PROBLEM DETAILS: Pictures should not appear in the copy; the records themselves must be written out exactly.

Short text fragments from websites
-=-=-=-=-

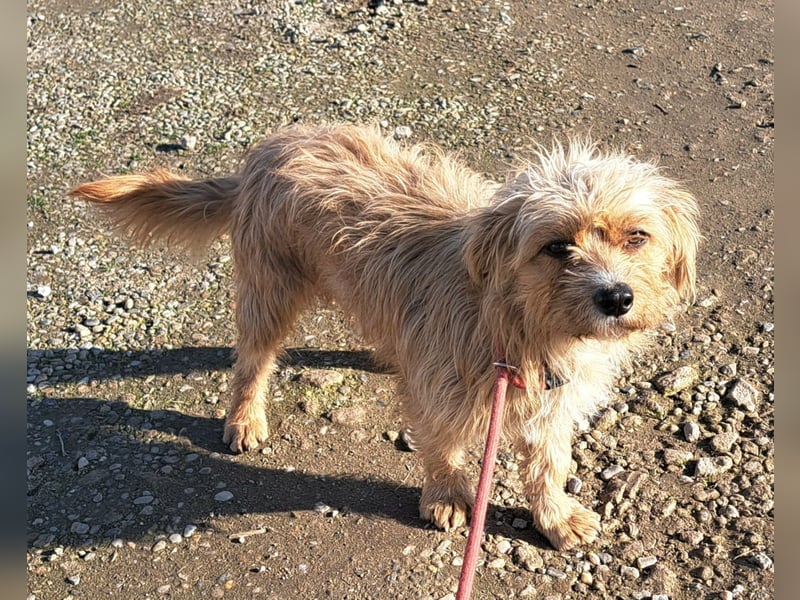 Rüde Arry, 29cm, möchte Rumänien schnell verlassen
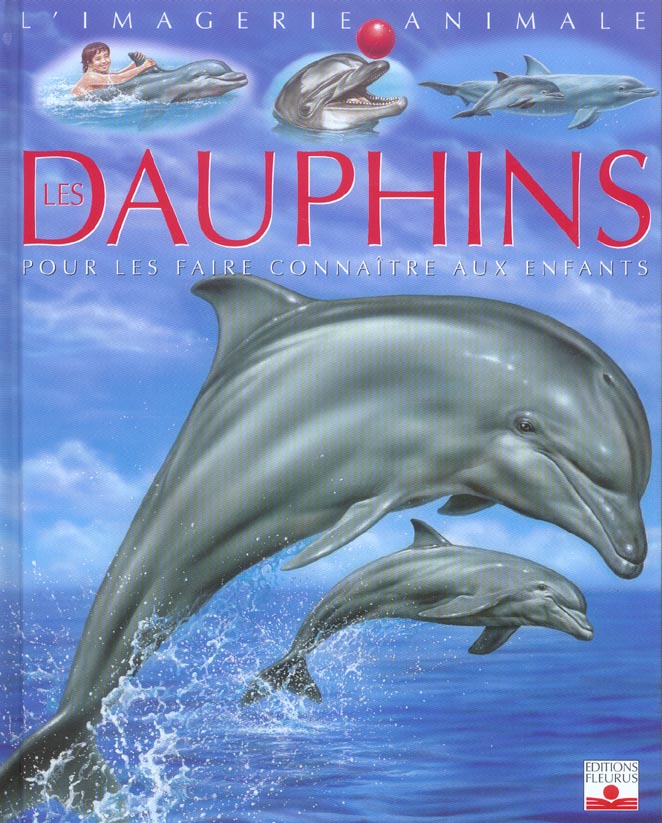 Les dauphins - flash vidéo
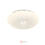 Thumbnail: Shell Ceiling Light
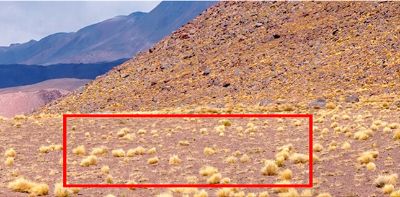 Pappostipa frigida, es un pasto de la familia de las poaceas que se distribuye ampliamente sobre los 3.600 metros sobre el nivel del mar en la cordillera de Los Andes, región de Atacama.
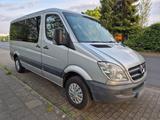 Mercedes-Benz Mersedes Sprinter 313 Automatik - Mercedes-Benz: Mersedes
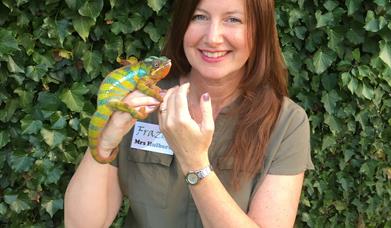 Frazoo Live Show: Remarkable Reptiles and Colossal Creepy-Crawlies, Torquay Museum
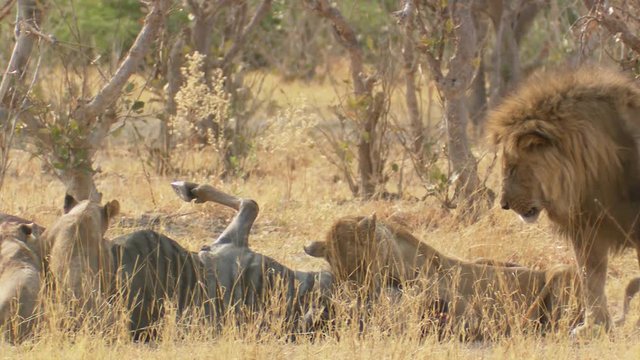 A mother lion holds down a live impala for her cubs to eat as the male lion stands guard and chases off other lions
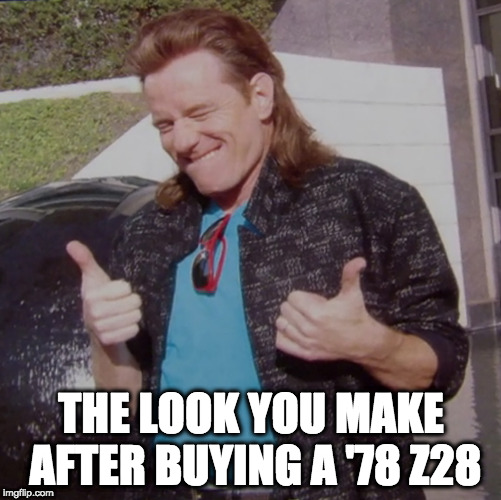 Mulletcranston | THE LOOK YOU MAKE AFTER BUYING A '78 Z28 | image tagged in mulletcranston | made w/ Imgflip meme maker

-=-=-=-=-

ANSWER TO THE EXERCISE:
 Rüde Arry, 29cm, möchte Rumänien schnell verlassen
 Les dauphins - flash vidéo
 Thumbnail: Shell Ceiling Light
 Pappostipa frigida, es un pasto de la familia de las poaceas que se distribuye ampliamente sobre los 3.600 metros sobre el nivel del mar en la cordillera de Los Andes, región de Atacama.
 Mercedes-Benz Mersedes Sprinter 313 Automatik - Mercedes-Benz: Mersedes
 Frazoo Live Show: Remarkable Reptiles and Colossal Creepy-Crawlies, Torquay Museum
 A mother lion holds down a live impala for her cubs to eat as the male lion stands guard and chases off other lions
 Mulletcranston | THE LOOK YOU MAKE AFTER BUYING A '78 Z28 | image tagged in mulletcranston | made w/ Imgflip meme maker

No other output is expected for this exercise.